Bryan - don't be dissuaded by that sticker. Most of the books that are in her book club are there because they're popular, they're good sellers already, and she just wants her name out there more. Can I just be a bitch and say that I doubt she reads more than a summary of each one? I peel those stickers off when I bring the books home.
Turk, I have to disagree with you about The Road being better than Lucifer's Hammer (and Foot Fall!). It was better than Alas, Babylon," which I did like quite a bit. Farnham's Freehold was, with Sixth Collumn, a little uncomfortable for me. A little too heavy-handed with the "Other Race Is Our Enemy" schtick, in both cases.
The Road is, like all of McCarthy's stuff, stoic. It's more simply written than most of his stuff (almost Hemmingway-esque), and I wonder if that's in response to criticism by some that his flowing descriptions in previous works amounted to literary masturbation.
Whatever. It's a fine work, and I will caution you, Tam-- it gets worse, and it gets better. Ride it out.
Matt,
Maybe I liked The Road because I like Hemingway. Thanks for the tip on Footfall; I had never heard of it - it goes on my "must read" list.
There's a free online book called Lights Out! that I thought was actually pretty good. It's about a community that has to survive an almost total loss of electrical devices and power, including batteries and simple devices, all fried by some EMP perhaps. Not bad for free!
I've heard over the last months that The Road has been green-lighted as a movie.
Imagine Driving Miss Daisy meets Fail Safe without all the butterflies, unicorns and rainbows. But with the tedium and stress amplified.
Regards,
Rabbit.
Arrgh. "The Road" is good, but as bleak as CM gets. "No Country for Old Men" put him on the popculture radar but isn't the topnotch CM. See Blood Meridian, the Border Trilogy, or Suttree for the good shit. Might be a bit much for sci-fi fans, but sooo well crafted. His early stuff set in Appalachia is easily as bleak as "the Road"

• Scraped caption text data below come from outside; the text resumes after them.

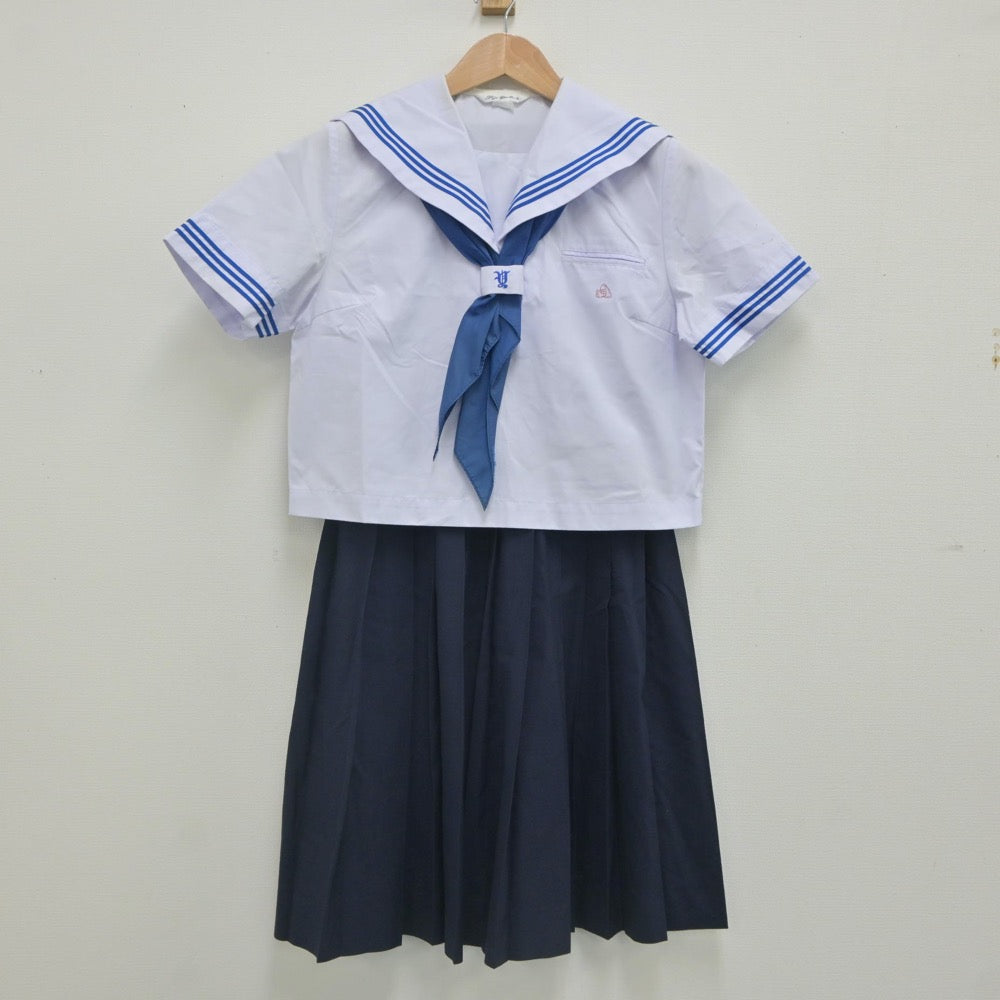 【中古】東京都 足立谷中中学校 女子制服 3点（セーラー服・スカート）sf023276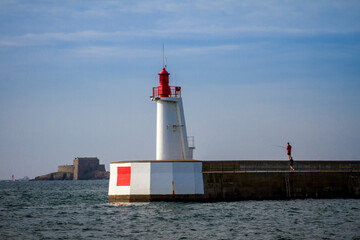 Saint-Malo lighthouse and pier, Brittany, France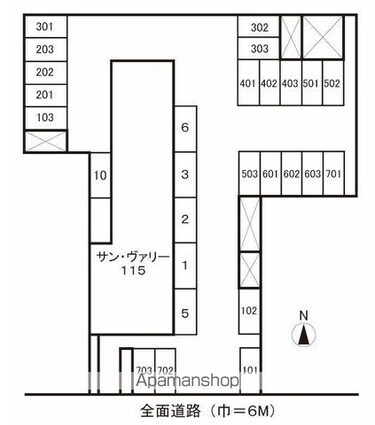 サン・ヴァリー１１５[3DK/64.7m2]の配置図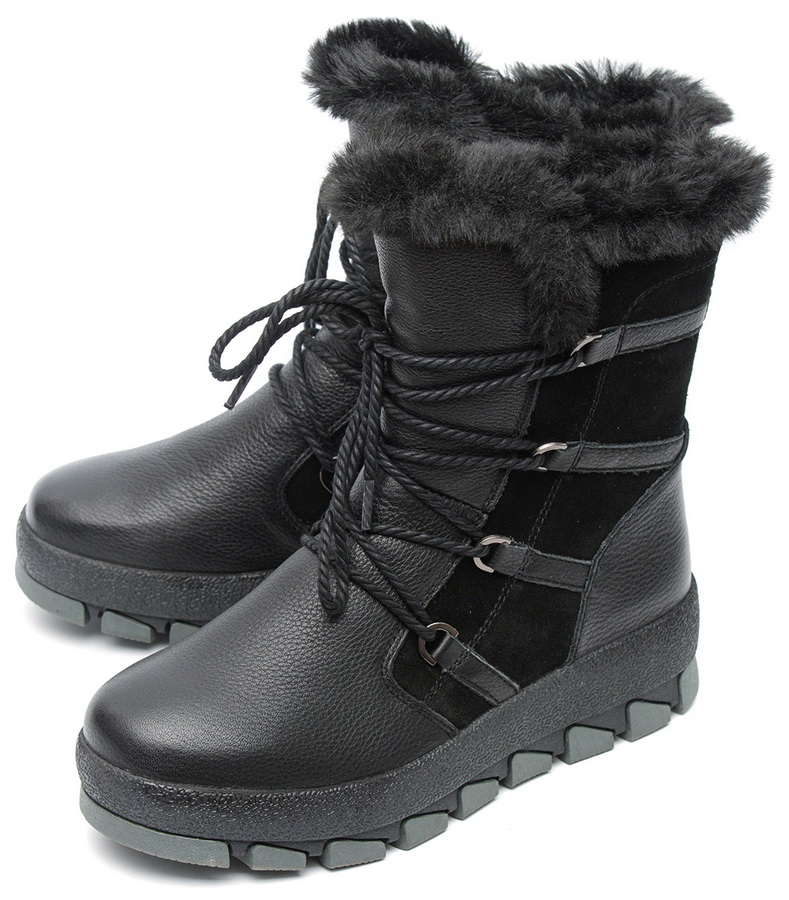 женские полусапоги натуральная кожа + велюр / натуральный мех gugu германия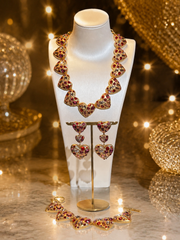 Gold-Tone Red Pink Crystal-Style Heart Necklace Bracelet and Earrings Set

Almost did my Master's Thesis on "Blood Meridian", but realized the whole thing would have been, "This character was based on..." It will leave you shaking. Larry McMurtry would pay you to be mentioned in the same sentence as McCarthy.
I thought Sunshine was odd. It was like halfway through a scifi movie, the director and all the writers changed their minds and decided to make it a horror flick instead.
The first 3/4 of the movie is great.
Funny, I thought the same thing...
But I don't mind a little "odd" every now and again; it keeps me on my toes. :)
Can't be any harder than Birdsong. Or the reliable laff riot, Johnny Got His Gun.
Regarding your list of depressing books...including 1984. Have any of you ever read 1985 by Anthony Burgess. I highly recommend it. I think of 1985 as an absurd collection of clippings from a present day British Newspaper, soon to be the NY Times, if our lives keep progressing in the direction they have for the last few decades.
I loved Footfall just for the idea of what mankind can do when we gets backed up against the wall. A La "Junkyard Wars" in outer space.
I found "The Road" oddly hopeful. What is it in some people that keep them walking when there is no external reason to do so.
And in the end I think the father's persistence and love was rewarded.
Well, I read the Road long before Oprah turned her audience on to it, and I still can't figure her reading it and then recommending it. I love Border Triology, No Country for Old Men.
Reno-- I felt exactly the same way. In the end, The Man (for that's all we know him as) showed that his efforts paid off.
Andy, don't be so hard of McMurtrey-- he's done some good stuff in his time. Hell, a year or so ago I found one of his first novels, Leaving Cheyenne, and was stunned at the rich description of N. Texas, some of which I'll never know, though I grew up in the same century.
Sometimes, it takes more bleakness to plainly see the beauty in a small thing.